The S&P 500 rose 1.2 percent on Friday, its fourth consecutive day of gains, bringing its climb for the week to 6.2 percent. It was the index’s biggest one-week gain since November 2020, and followed months of volatility that had pulled major indexes sharply lower for the year as investors reacted to one bad economic turn after another. This week’s gains mean the S&P 500 has cut its losses for the year in half, to about 6.4 percent.
Tech stocks, which have been hit particularly hard by concerns about rising interest rates, which would make riskier investments less appealing, rallied. Apple, the most prominent stock in the S&P 500, gained 6 percent for the week. The tech-heavy Nasdaq composite index, which had fallen four consecutive weeks, ended the week up 8.2 percent.
“Too many tech stalwart stocks were oversold, and over the short term it seems unlikely Wall Street will see a material downturn now that commodity prices are no longer skyrocketing,” said Edward Moya, a senior market analyst at OANDA, a foreign currency exchange and brokerage firm.
That volatility is most likely far from over, analysts have warned. But some of the pressures that had combined to sour once-ebullient markets seemed to be easing.

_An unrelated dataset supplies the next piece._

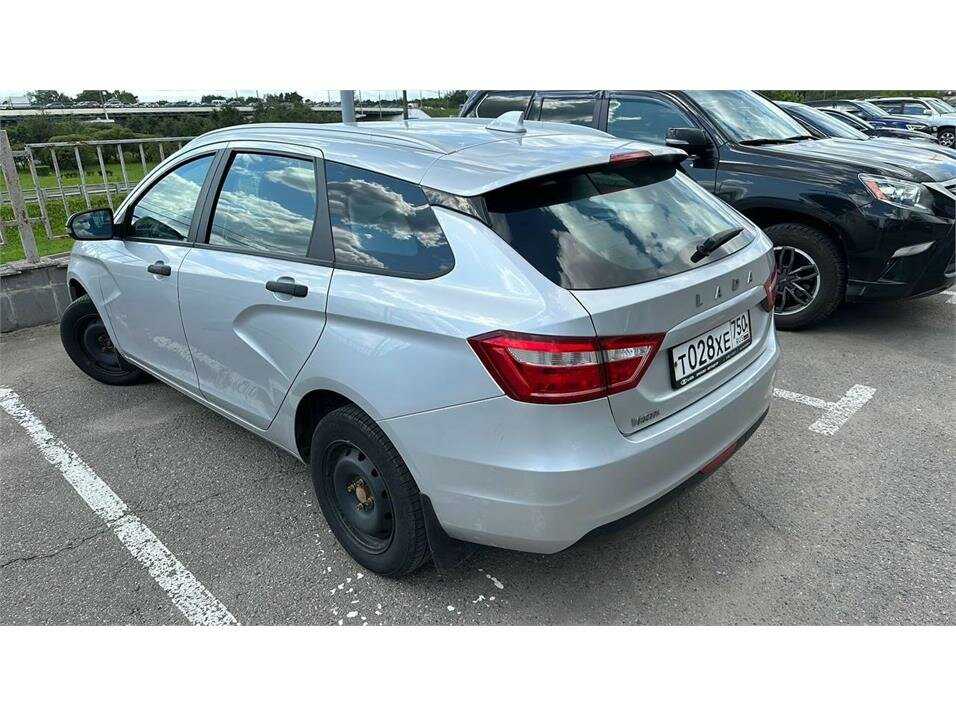 Сравнение lada vesta 1.6 (106 л.с.) и nissan almera classic 1.6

The biggest daily gain was Wednesday, after the Fed finally raised its policy interest rate a quarter of a percentage point. It was the central bank’s first decisive move to tame inflation, which has been rising at the fastest pace in 40 years. Markets had been trying to anticipate the Fed’s moves for months as policymakers tiptoed toward raising rates, with some investors and analysts fearing that the central bank could move too quickly, reversing the economy’s recovery.
Policymakers projected six more similarly sized moves this year, in line with what investors had expected, and the central bank’s chair, Jerome H. Powell, reassured investors on Wednesday that the economy was strong enough to withstand higher rates.
Oil climbed on Friday but ended the week lower, with Brent crude around $108 a barrel. That was far below its highs from earlier this month, when it approached $140 a barrel.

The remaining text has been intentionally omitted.